_DIRECTIONS_. Pictures stay out of the output. Return exactly the lines below from the one with "Used 2011 Jeep" down to the one with "Hotel Esporta Suites (Agindingbi)", both included, and nothing more.

_RECORDS PROVIDED_.
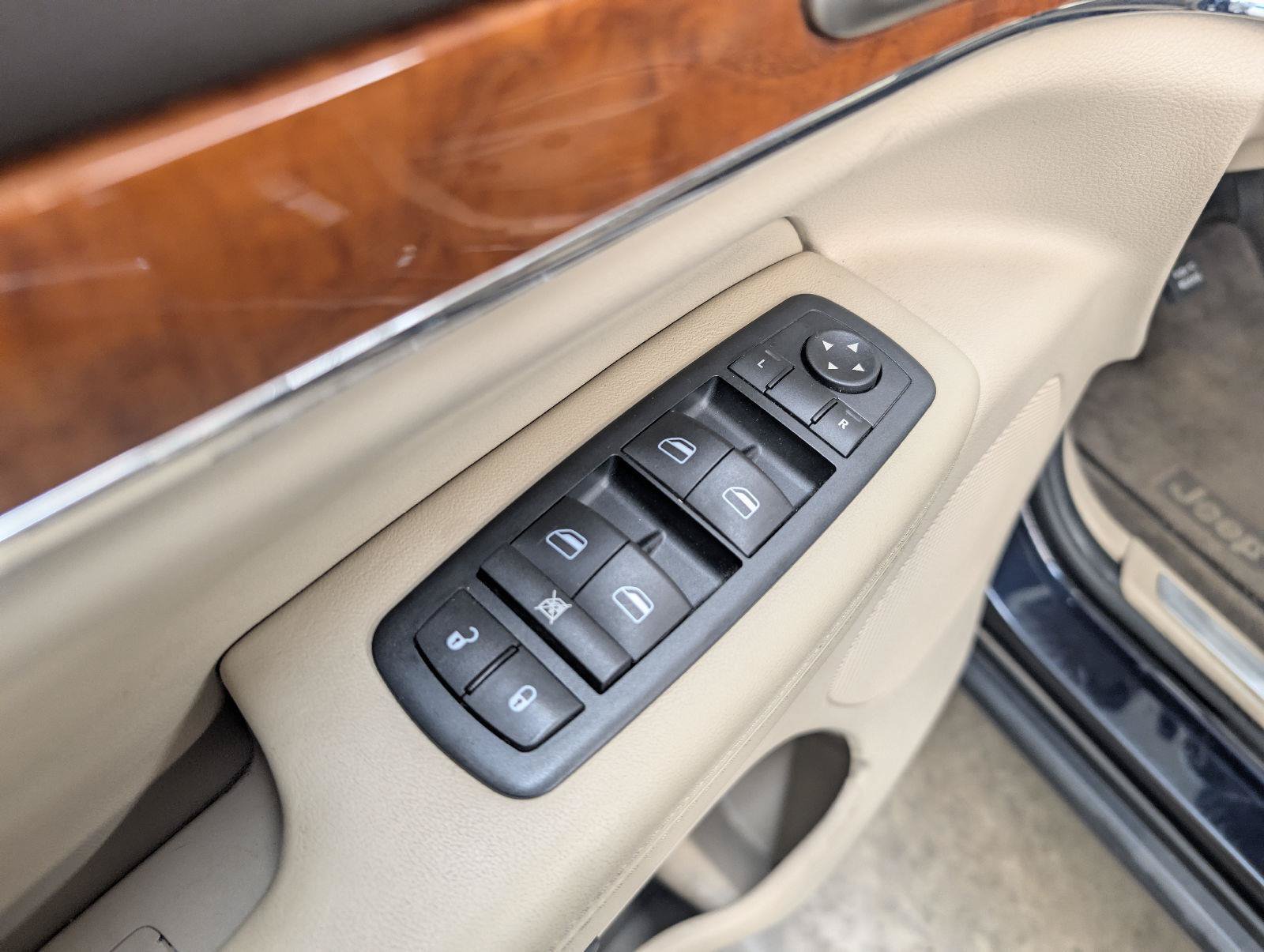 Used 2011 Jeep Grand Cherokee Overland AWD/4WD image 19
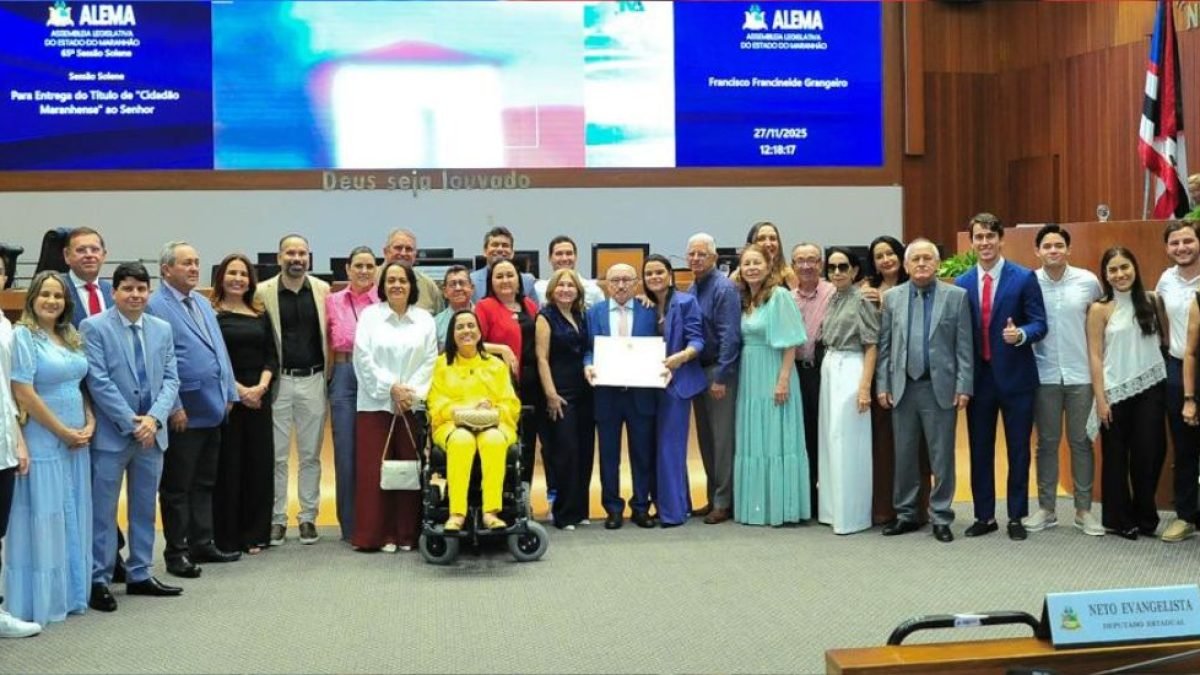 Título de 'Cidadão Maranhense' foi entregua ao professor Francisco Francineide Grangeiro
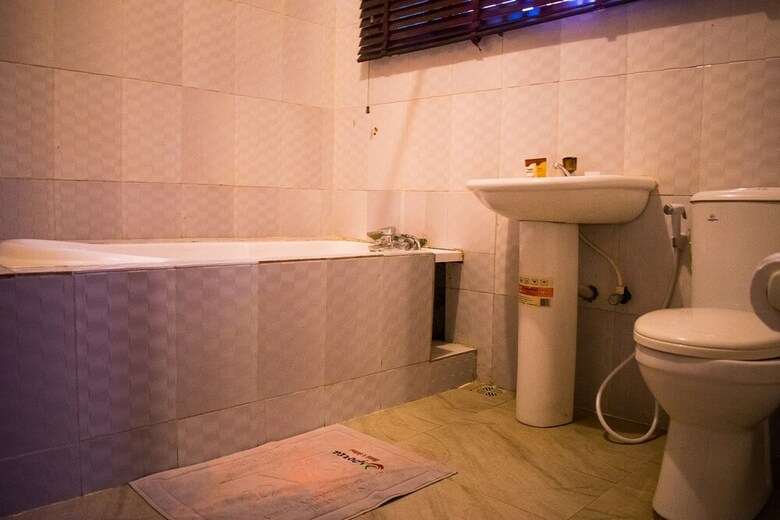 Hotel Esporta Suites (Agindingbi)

--

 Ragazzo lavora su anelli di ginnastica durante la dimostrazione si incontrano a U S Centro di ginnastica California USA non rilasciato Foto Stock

* * *

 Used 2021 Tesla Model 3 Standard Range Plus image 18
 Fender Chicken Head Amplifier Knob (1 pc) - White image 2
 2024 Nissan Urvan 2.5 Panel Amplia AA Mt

_SOLUTION TO THIS PROBLEM_.
 Used 2011 Jeep Grand Cherokee Overland AWD/4WD image 19
 Título de 'Cidadão Maranhense' foi entregua ao professor Francisco Francineide Grangeiro
 Hotel Esporta Suites (Agindingbi)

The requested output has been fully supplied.